**INPUT:**

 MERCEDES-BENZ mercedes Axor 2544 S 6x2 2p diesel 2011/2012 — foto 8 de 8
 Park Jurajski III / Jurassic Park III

--

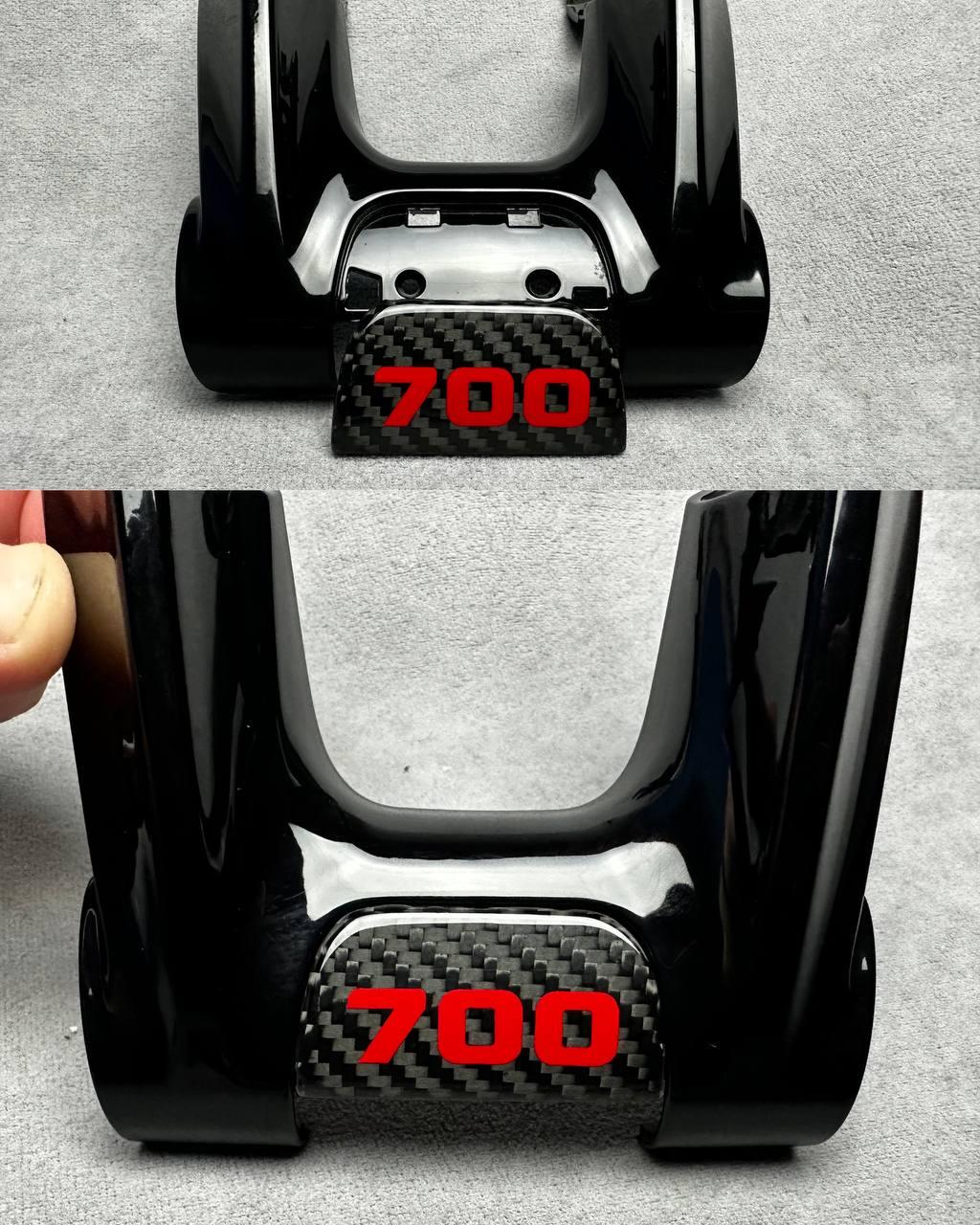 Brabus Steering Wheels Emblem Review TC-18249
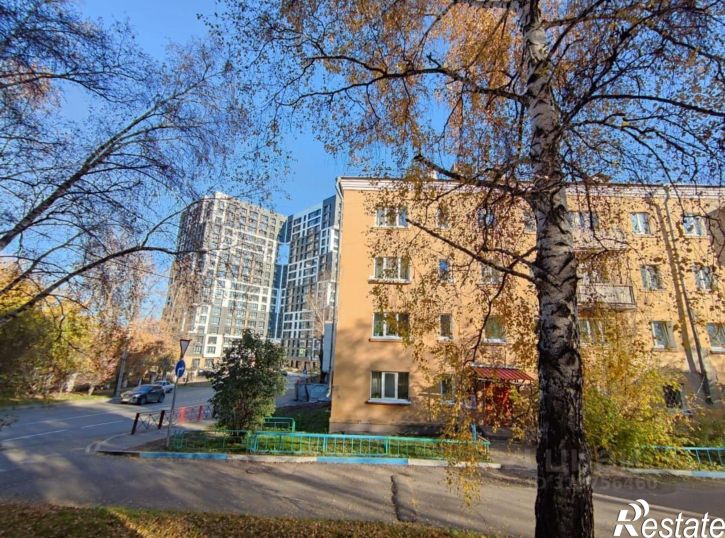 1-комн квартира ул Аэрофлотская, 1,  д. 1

**EXERCISE DESCRIPTION:** Return word for word the lines above from the line with "MERCEDES-BENZ mercedes Axor" to the line with "Park Jurajski III / Jurassic Park III", including both and leaving out all others.

**ANSWER SPACE:**
 MERCEDES-BENZ mercedes Axor 2544 S 6x2 2p diesel 2011/2012 — foto 8 de 8
 Park Jurajski III / Jurassic Park III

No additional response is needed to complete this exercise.